After being triggered once, the cave-in begins, attacking randomly across the half of the hallway between the Maidens and the entrance. The falling rubble can trigger the Maidens attacks, possibly creating an opening for characters, but only if the origin square is a trigger square.
The pit lies directly behind the trigger squares for the Maidens and continues back towards the exit. A character attempting to jump the Maiden’s trigger squares who lands on the pit automatically falls inside. A Zombie awaits within, gaining a surprise action before rolling Initiative. It will attempt to grab anything that falls into the pit before slamming it repeatedly, and if the trap is triggered without anyone falling inside, it will attempt to climb and jump out, requiring a successful DC 21 Strength check.
The Maiden trap is one I just created on my own, while the Cave-in is a Level 13 hazard I scaled down to fit the encounter.

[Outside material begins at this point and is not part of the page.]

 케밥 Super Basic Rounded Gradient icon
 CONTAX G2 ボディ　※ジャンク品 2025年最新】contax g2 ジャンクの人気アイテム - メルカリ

The False-Floor and Zombie are straight out of the DMG and MM, respectively.
actually i wrote the base town stuff so far, heres my basic idea for it
town with a nearby river on the border of the country, it gets some trade from people coming from and going to the other nation, as well as some trade from the fishing village. the river flows more or less to the fishing village (at least opens into the ocean in site of the village). and the other end leads into the mountain where a now empty mining town is, from here the party simple has to find the correct mine. the mining town is empty cause most of the mines are played out/past wars.
population wise i'm assuming we are making the town mostly human with a few half-elf and dwarves as permanent residents.
also i was thinking of making the blacksmith a dwarf and if the players talk to him at the right time he offers to buy any decent ore they find in the mines
trey
Sounds good so far, I was thinking mostly humans and half elves as well.
The Dwarf Blacksmith is such a... classic character I definitely have one planned... with a twist
That's beautiful Zeta, I can see the party's reaction now...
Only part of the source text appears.